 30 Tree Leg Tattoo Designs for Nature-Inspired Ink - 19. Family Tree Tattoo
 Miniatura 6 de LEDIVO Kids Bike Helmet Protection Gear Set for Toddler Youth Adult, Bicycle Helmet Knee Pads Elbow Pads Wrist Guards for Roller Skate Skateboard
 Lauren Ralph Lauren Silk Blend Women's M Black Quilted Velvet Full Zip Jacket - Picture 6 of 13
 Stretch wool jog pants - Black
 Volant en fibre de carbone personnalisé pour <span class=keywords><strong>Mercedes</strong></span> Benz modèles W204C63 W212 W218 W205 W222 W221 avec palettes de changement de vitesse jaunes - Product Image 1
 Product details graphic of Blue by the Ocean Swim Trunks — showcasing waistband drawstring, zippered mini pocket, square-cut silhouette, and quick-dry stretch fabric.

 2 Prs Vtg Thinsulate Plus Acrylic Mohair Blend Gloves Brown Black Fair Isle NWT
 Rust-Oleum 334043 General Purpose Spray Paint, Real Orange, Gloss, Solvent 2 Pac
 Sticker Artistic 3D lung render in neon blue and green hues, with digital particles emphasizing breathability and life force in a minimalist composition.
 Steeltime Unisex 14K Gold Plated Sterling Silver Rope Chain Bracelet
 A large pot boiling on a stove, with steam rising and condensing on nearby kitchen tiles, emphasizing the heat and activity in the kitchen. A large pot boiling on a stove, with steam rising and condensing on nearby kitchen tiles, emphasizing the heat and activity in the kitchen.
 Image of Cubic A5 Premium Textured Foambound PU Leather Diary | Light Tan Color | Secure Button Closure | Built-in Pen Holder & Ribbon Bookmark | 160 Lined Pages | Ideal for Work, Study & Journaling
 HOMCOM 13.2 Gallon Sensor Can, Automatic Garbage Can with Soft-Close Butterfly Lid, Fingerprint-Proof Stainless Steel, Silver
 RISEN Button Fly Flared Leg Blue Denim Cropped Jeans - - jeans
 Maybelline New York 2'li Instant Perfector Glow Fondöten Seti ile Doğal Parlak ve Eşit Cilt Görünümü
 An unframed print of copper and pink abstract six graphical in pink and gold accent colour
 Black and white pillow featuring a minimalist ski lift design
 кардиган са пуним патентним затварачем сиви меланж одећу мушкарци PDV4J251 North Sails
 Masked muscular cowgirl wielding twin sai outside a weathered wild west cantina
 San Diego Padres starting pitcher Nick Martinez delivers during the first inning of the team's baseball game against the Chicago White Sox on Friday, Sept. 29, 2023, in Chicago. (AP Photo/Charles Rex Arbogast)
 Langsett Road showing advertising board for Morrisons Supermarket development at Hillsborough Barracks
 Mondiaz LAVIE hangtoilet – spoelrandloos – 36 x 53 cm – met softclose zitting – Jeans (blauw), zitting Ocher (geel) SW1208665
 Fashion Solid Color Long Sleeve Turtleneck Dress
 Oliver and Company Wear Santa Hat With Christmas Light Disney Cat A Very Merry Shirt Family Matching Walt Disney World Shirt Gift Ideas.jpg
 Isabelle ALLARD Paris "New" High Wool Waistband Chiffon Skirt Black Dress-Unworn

════

**Work request:** Starting with the line that contains "Mondiaz LAVIE hangtoilet", print each line through the last one in the listing. Include both end lines and add nothing.

**Result of this task:**
 Mondiaz LAVIE hangtoilet – spoelrandloos – 36 x 53 cm – met softclose zitting – Jeans (blauw), zitting Ocher (geel) SW1208665
 Fashion Solid Color Long Sleeve Turtleneck Dress
 Oliver and Company Wear Santa Hat With Christmas Light Disney Cat A Very Merry Shirt Family Matching Walt Disney World Shirt Gift Ideas.jpg
 Isabelle ALLARD Paris "New" High Wool Waistband Chiffon Skirt Black Dress-Unworn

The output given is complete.